Problems starting programs


Up: In case of trouble Next: General Previous: HPUX



Up: In case of trouble Next: General Previous: HPUX


General


Up: Problems starting programs Next: Workstation Networks Previous: Problems starting programs

    1. Q: When trying to start a program with
    mpirun -np 2 cpi 
    
    either I get an error message or the program hands.

    A: On Intel Paragons and IBM SP1 and SP2, there are many mutually exclusive ways to run parallel programs; each site can pick the approach(es) that it allows. The script mpirun tries one of the more common methods, but may make the wrong choice. Use the -v or -t option to mpirun to see how it is trying to run the program, and then compare this with the site-specific instructions for using your system. You may need to adapt the code in mpirun to meet your needs.


    2. Q: When trying to run a program with, e.g., mpirun -np 4 cpi, I get

    usage : mpirun [options] <executable> [<dstnodes>] [-- <args>] 
    
    or
    mpirun [options] <schema> 
    
    A: You have a command named mpirun in your path ahead of the mpich version. Execute the command
    which mpirun 
    
    to see which command named mpirun was actually found. The fix is to either change the order of directories in your path to put the mpich version of mpirun first, or to define an alias for mpirun that uses an absolute path. For example, in the csh shell, you might do
    alias mpirun /usr/local/mpi/bin/mpirun  
    

    3. Q: When I issue the command:
    mpirun -dbx -np 1 foo 
    
    dbx does start up but this message appears:
    dbx version 3.19 Nov  3 1994 19:59:46 
    Unexpected argument ignored: -sr 
    /scr/MPI/me/PId8704 is not an executable 
    
    A: Your version of dbx does not support the -sr argument; this is needed to give dbx the initial commands to execute. You will not be able to use mpirun with the -dbx argument. Try using -gdb or -xxgdb instead of -dbx if you have the GNU debugger.

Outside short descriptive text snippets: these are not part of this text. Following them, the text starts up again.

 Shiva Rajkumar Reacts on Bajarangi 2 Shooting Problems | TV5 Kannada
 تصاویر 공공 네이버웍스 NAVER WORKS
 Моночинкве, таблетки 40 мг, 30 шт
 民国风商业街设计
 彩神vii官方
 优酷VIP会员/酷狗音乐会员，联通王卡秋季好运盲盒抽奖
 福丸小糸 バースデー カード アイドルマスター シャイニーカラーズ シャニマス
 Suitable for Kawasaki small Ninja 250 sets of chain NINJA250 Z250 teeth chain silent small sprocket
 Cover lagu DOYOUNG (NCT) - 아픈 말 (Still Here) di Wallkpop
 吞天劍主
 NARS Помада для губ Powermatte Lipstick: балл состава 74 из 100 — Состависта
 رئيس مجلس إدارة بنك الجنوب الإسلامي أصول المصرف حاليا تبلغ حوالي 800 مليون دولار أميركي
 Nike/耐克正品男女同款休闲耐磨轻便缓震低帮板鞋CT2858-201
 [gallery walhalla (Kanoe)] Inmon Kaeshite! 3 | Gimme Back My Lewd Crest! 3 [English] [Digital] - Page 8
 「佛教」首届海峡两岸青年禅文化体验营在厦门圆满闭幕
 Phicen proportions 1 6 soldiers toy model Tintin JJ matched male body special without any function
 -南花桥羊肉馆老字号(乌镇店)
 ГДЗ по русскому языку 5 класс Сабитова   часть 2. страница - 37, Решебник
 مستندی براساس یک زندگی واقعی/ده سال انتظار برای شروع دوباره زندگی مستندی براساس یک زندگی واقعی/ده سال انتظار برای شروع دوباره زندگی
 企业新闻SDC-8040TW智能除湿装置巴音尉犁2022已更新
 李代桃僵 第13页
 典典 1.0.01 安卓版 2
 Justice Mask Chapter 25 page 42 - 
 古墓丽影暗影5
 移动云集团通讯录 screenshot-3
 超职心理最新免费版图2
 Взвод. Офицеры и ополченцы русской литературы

    4. Q: When attempting to run cpilog I get the following message:

    ld.so.1: cpilog: fatal: libX11.so.4: can't open file: errno 2 
    
    A: The X11 version that configure found isn't properly installed. This is a common problem with Sun/Solaris systems. One possibility is that your Solaris machines are running slightly different versions. You can try forcing static linking (-Bstatic on SunOS).

    Consider adding these lines to your .login (assuming C shell):

    setenv OPENWINHOME /usr/openwin 
        setenv LD_LIBRARY_PATH /opt/SUNWspro/lib:/usr/openwin/lib 
    
    (you may want to check with your system administrator first to make sure that the paths are correct for your system). Make sure that you add them before any line like
    if ($?USER == 0 || $?prompt == 0) exit  
    

    5. Q: My program fails when it tries to write to a file.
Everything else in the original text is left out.